• [EXERCISE]: Go line by line through the records below. Copy whichever lines contain the string "from".

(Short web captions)
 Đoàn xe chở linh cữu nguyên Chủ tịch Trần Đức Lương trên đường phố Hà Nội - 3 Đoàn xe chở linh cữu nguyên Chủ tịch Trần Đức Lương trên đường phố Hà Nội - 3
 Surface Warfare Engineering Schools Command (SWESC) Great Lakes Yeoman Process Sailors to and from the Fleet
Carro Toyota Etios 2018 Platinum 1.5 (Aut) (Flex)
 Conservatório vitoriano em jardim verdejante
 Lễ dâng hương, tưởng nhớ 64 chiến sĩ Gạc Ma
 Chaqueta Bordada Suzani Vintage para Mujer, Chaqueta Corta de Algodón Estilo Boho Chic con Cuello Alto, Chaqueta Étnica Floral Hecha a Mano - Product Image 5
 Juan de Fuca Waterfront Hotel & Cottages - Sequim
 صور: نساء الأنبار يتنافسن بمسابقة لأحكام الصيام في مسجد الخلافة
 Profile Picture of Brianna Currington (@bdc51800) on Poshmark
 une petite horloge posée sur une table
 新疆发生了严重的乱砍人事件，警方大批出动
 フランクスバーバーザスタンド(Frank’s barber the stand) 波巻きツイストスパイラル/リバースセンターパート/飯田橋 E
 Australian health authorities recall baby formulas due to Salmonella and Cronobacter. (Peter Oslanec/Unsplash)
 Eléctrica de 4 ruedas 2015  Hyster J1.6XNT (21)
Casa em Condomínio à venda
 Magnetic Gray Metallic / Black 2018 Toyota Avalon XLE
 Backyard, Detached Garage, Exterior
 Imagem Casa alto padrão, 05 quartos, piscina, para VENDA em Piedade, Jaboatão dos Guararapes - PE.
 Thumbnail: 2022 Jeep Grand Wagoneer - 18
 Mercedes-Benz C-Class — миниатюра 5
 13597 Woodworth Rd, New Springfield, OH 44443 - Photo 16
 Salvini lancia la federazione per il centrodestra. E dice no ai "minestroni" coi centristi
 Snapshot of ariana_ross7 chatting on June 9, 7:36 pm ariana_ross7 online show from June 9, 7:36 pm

• [SOLUTION TO THE PROBLEM]:
 Surface Warfare Engineering Schools Command (SWESC) Great Lakes Yeoman Process Sailors to and from the Fleet
 Snapshot of ariana_ross7 chatting on June 9, 7:36 pm ariana_ross7 online show from June 9, 7:36 pm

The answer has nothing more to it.